The Sadcc or the conference was formed with four principal objectives, namely:
l to reduce Member States dependence, particularly, but not only, on apartheid South Africa
l to implement programmes and projects with national and regional impact;
l to mobilise Member States’ resources in the quest for collective self-reliance; and
l to secure international understanding and support.
These objectives were pursued with determination and vigour. Through Sadcc, the founding fathers sought first to demonstrate the tangible benefits of working together, and to cultivate a climate of confidence and trust among member states.
Sadc has developed since then to become a organisation that has a Programme of Action, covering several broad economic and social sectors, namely, Energy, Tourism, Environment and Land Management, Water, Mining, Employment and Labour, Culture, Information and Sport and Transport and Communications.
Other sectors are Finance and Investment, Human Resources Development, Food, Agriculture and Natural Resources, Legal Affairs and Health. Sectors are each co-ordinated by a Member State with some member states co-ordinating more than one sector.
Over the past two years Sadc has undertaken an exercise to restructure its institutions and a report on this was adopted by an Extra-Ordinary Summit on March 9, 2001 in Windhoek, Namibia. This restructuring was necessitated by the number of difficulties and constraints encountered in the process of moving the organisation from a co-ordinating conference into a community.
This transformation occurred in August 1992, when the Heads of State and Government of the Southern African Development Co-ordination Conference met in Windhoek, Namibia, to sign a Declaration and Treaty establishing the new Sadc — the Southern African Development Community.
The Sadcc leaders had come to realise that although the co-ordination conference had served them well and had demonstrated the crucial need to co-operate in their development efforts, time had come to give the organisation a legal and more formal status.

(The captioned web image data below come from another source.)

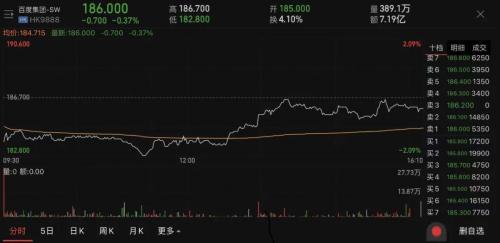 Q1財報觀察:誰能破除百度規模天花板?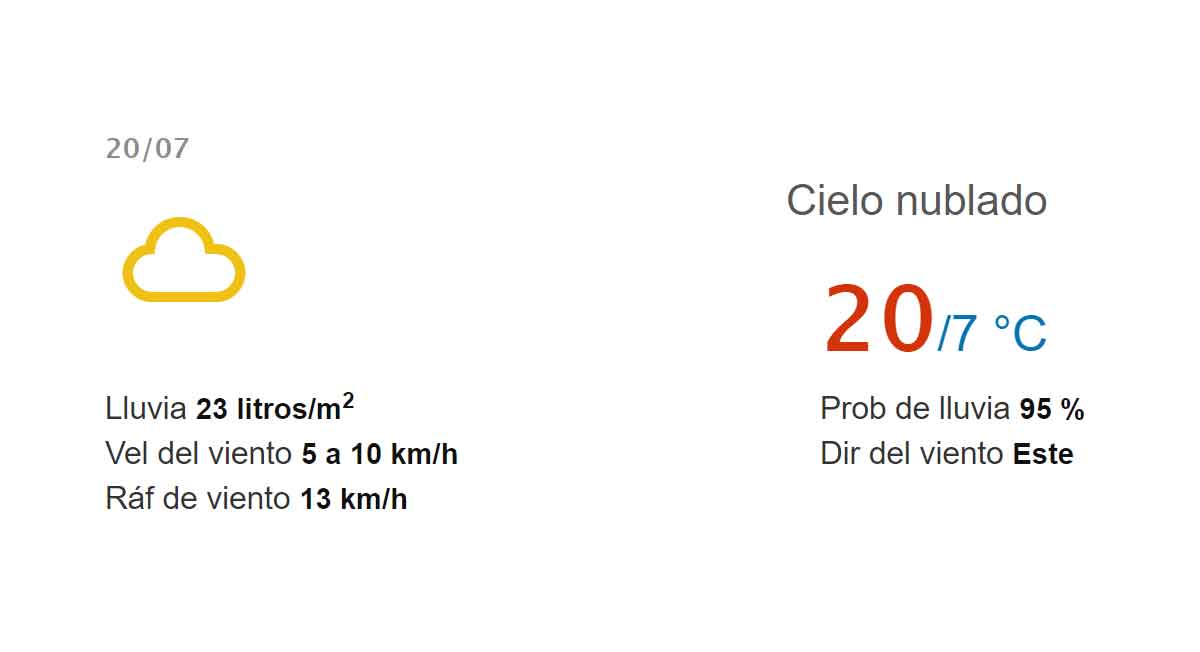 toluca clima este es pronostico para el 20 de julio del 2021
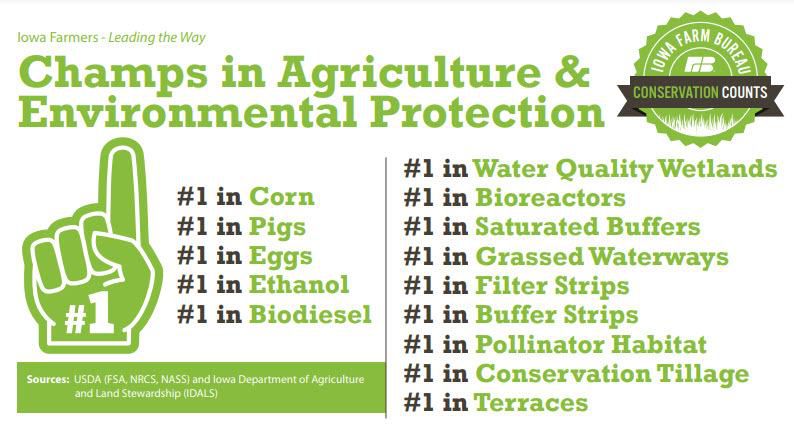 Iowa Farmers are champs in Agriculture & environmental protection Iowa Farmers are #1 in corn, pigs, eggs, ethanol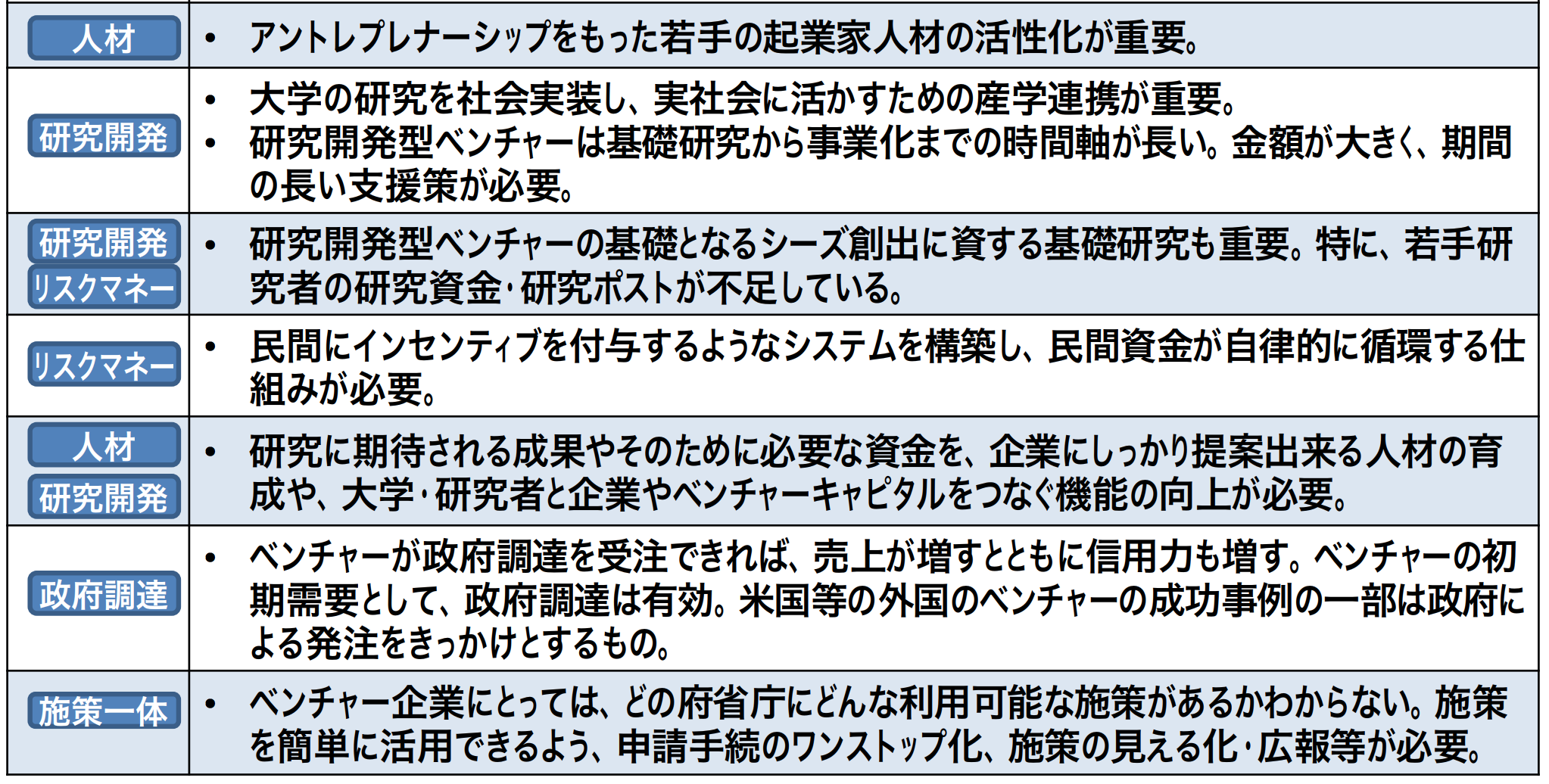 スクリーンショット 2018-04-11 20.39.43.png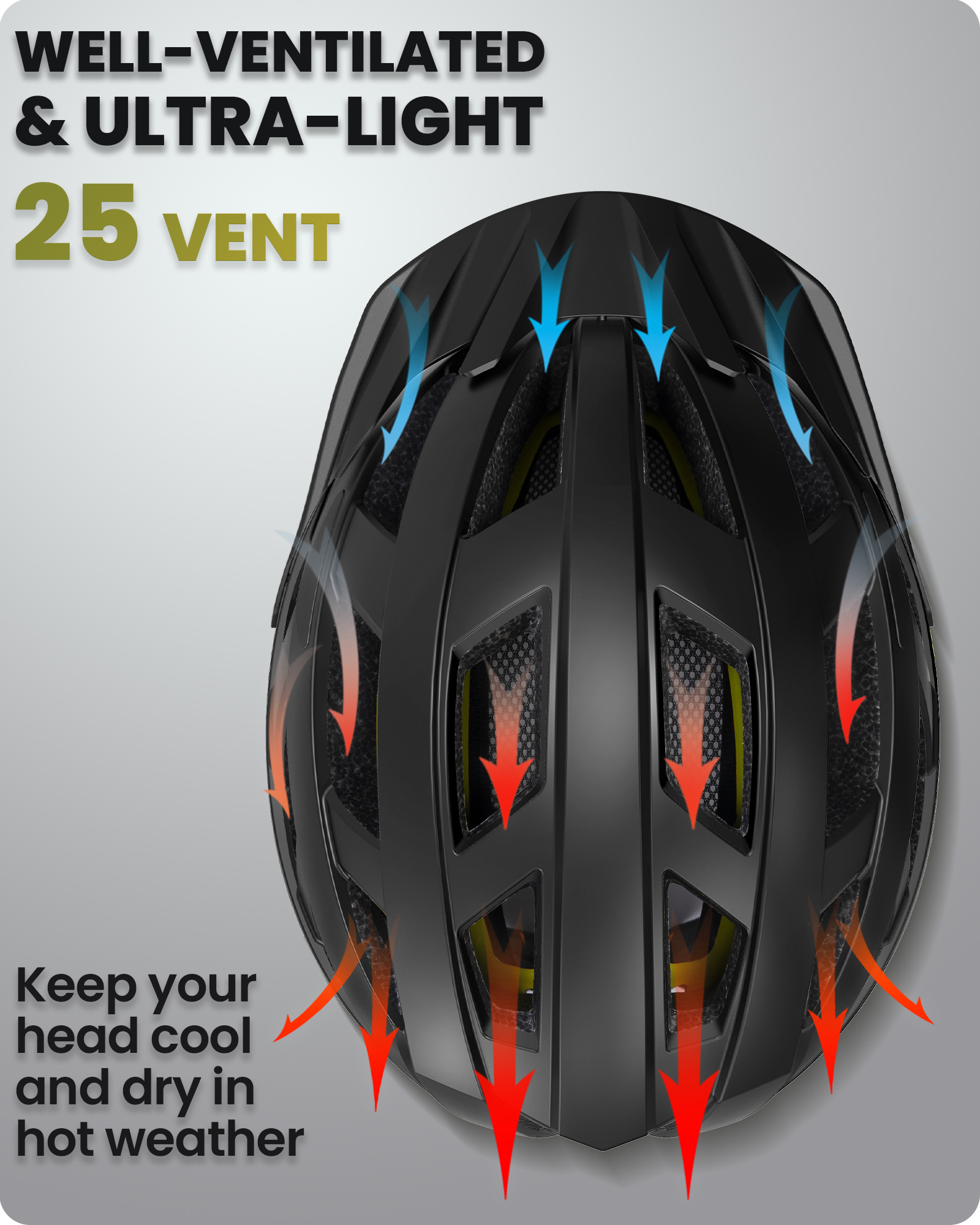 OutdoorMaster Gem MIPS Cycling - Mountain Biking Helmet incelemesi ve fiyatı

There was also a need to shift the focus of the organisation from co-ordination of development projects to a more complex task of integrating the economies of member states. Hence the treaty, which is the blueprint for building a Community of Southern African states.
Sadc and its member states are expected to act according to the following principles:
l Sovereign equality of all member States;
l Solidarity, peace and security;
l Human rights, democracy, and the rule of law;
l Equity, balance and mutual benefit;
l Peaceful settlement of disputes
The objectives of Sadc are to:
l Achieve development and economic growth, alleviate poverty, enhance the standard and quality of life of the people of Southern Africa and support the socially disadvantaged through regional integration;
l Evolve common political values, systems and institutions;
l Promote and defend peace and security;
l Promote self-sustaining development on the basis of collective self-reliance and the interdependence of Member States;
l Achieve complementarity between national and regional strategies and programmes;
l Promote and maximise productive employment and utilisation of resources of the Region;
l Achieve sustainable utilisation of natural resources and effective protection of the environment;
l Strengthen and consolidate the long-standing historical, social and cultural affinities and links among the people of the Region.
The ultimate objective of Sadc, the community, is therefore to build a region in which there will be a high degree of harmonisation and rationalisation to enable the pooling of resources to achieve collective self-reliance in order to improve the living standards of the people of the region. — Herald Reporter/ZBC/Sadc website.